Prendersela con i Robot è il Nuovo AlibiL'articolo di Stefano Cianciotta per Il Foglio

La globalizzazione è una straordinaria occasione per i giovani italiani per spostarsi verso quei luoghi che offrono condizioni che a casa non si trovano. E’ anche una magnifica opportunità per aprire le nostre porte a giovani altrettanto brillanti, del cui contributo può beneficiare il nostro progresso sociale ed economico.

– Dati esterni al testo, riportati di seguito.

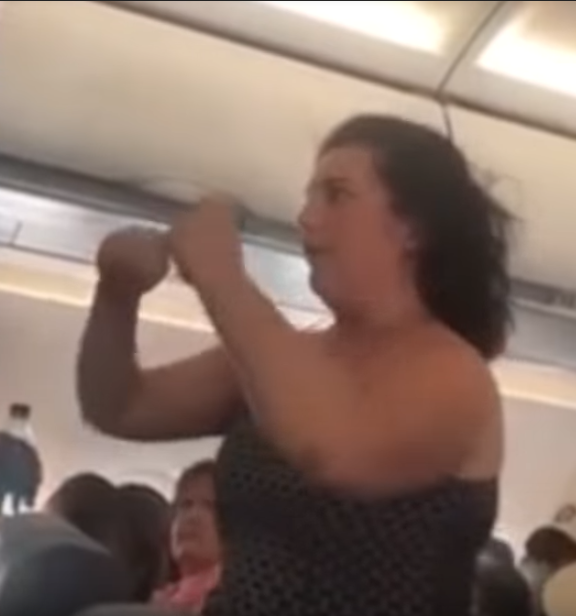 Буйная американка закатила истерику на борту самолета: видео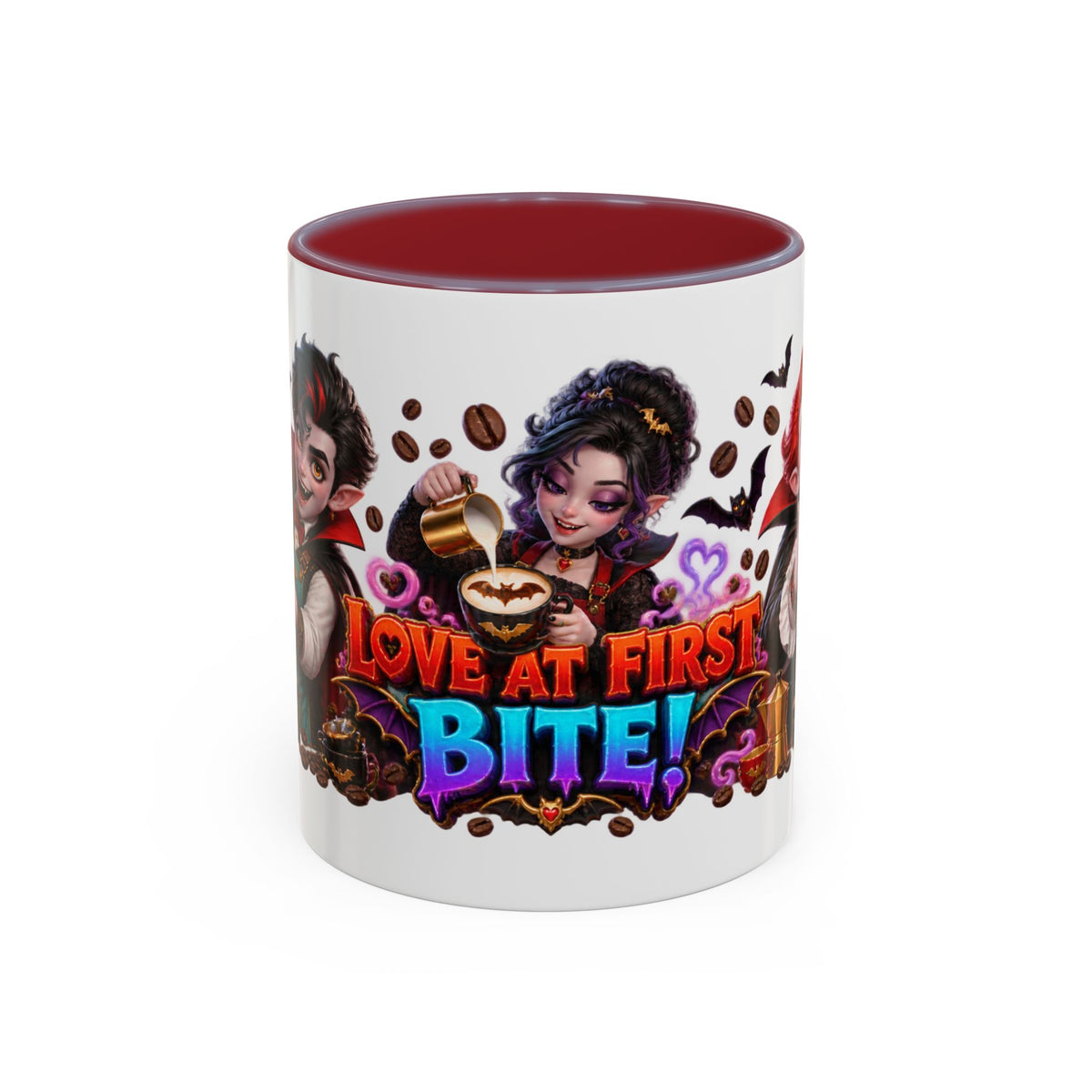 Love at First Bite Vampire Barista Halloween White Mug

I cervelli, compresi quelli italiani, non sono in fuga ma in movimento. Giovani talentuosi e motivati che vanno e che vengono: è questo lo spirito della globalizzazione. Ma in Italia, paese dove 2 milioni di ragazzi dai 15 ai 24 anni hanno scelto di non studiare e neppure provare a cercare un lavoro, la globalizzazione, la migrazione dei cervelli e la crisi sono diventati l’alibi per proteggere ancora di più i nostri figli, destinandoli così alla paralisi e alla emarginazione.

L’ennesimo alibi per alimentare il mainstream che è inutile impegnarsi perché tanto non c’è e non ci sarà lavoro, è la paura per la presenza inquietante dei robot, che ci ruberanno i pochi posti non ancora sottratti dagli immigrati. L’automazione, invece, è entrata nel mondo del lavoro da molti decenni e il primo bancomat ha segnato inevitabilmente l’inizio della fine del posto di lavoro più ambito fino a venti anni fa: il bancario.

Così come la T Model di Henry Ford aveva per sempre distrutto agli inizi del Novecento un’intera filiera occupazionale che gravitava intorno alle carrozze, i cui proprietari un po’ come accade oggi in Italia con i tassisti, protestarono in modo veemente per bloccare il progresso. Con la precedente rivoluzione industriale milioni di persone hanno abbandonato le campagne per andare in città a svolgere occupazioni fino a quel momento impensabili.

Negli ultimi anni, come ha segnalato uno studio di LinkedIn, il processo di migrazione dei cervelli si è addirittura invertito. Sono sempre di più, infatti, i professionisti e gli studenti che dai continenti tradizionalmente ricchi (Europa e Stati Uniti) muovono verso i nuovi paesi ricchi, come Emirati, Arabia Saudita e India, ma anche verso paesi economicamente attrattivi anche se politicamente o socialmente complessi, come la Nigeria o il Sudafrica, la cui classe media sta incontrando una crescita economica significativa.

Secondo uno studio McKinsey, circa il 40 per cento della disoccupazione giovanile è attribuibile alla divergenza tra profili richiesti e competenze dei giovani. Le aziende chiedono, infatti, giovani diplo mati e laureati che sappiano tradurre le buone competenze teoriche in contesti concreti di lavoro. La disoccupazione giovanile, quindi, non è solo legata ai cicli economici ma anche a una significativa distanza tra domanda e offerta di professionalità, che in Italia deriva da un persistente scarso dialogo tra il sistema educativo e il tessuto produttivo. In Inghilterra le università adeguano ogni anno l’ offerta formativa ai cambiamenti continui del mercato del lavoro.

La bassa qualità del lavoro in Italia conferma quanto abbiamo scritto altre volte: da noi la distanza tra la scuola e il lavoro è troppo elevata, e la precarietà e la ripetitività hanno alla base la scarsa competenza del lavoratore.
La scuola e l’ università non possono più essere istituzioni separate dal resto della società, e in particolare dal mercato del lavoro, ma oggi più che mai devono essere integrate come spazio dove allenare costantemente curiosità, creatività e intraprendenza, oltre che apprendere nuove conoscenze ed esperienze.

Riprogettare le politiche industriali significa riprogettare il sistema della formazione. Gli stessi modelli organizzativi sono indirizzati a stimolare il potere creativo e imprenditoriale dei dipendenti, che non sono più tali, cioè non dipendono più da cariche superiori o da azionisti, ma sono una parte attiva dell’ organizzazione.

Ci piacerebbe, quindi, che la formazione, l’istruzione e il lavoro (perché non riunirli sotto lo stesso ministero?) diventassero un unico tema nell’ agenda della campagna elettorale. Investire sulla qualità del sistema formativo significa tornare a fare i conti con le parole speranza e futuro.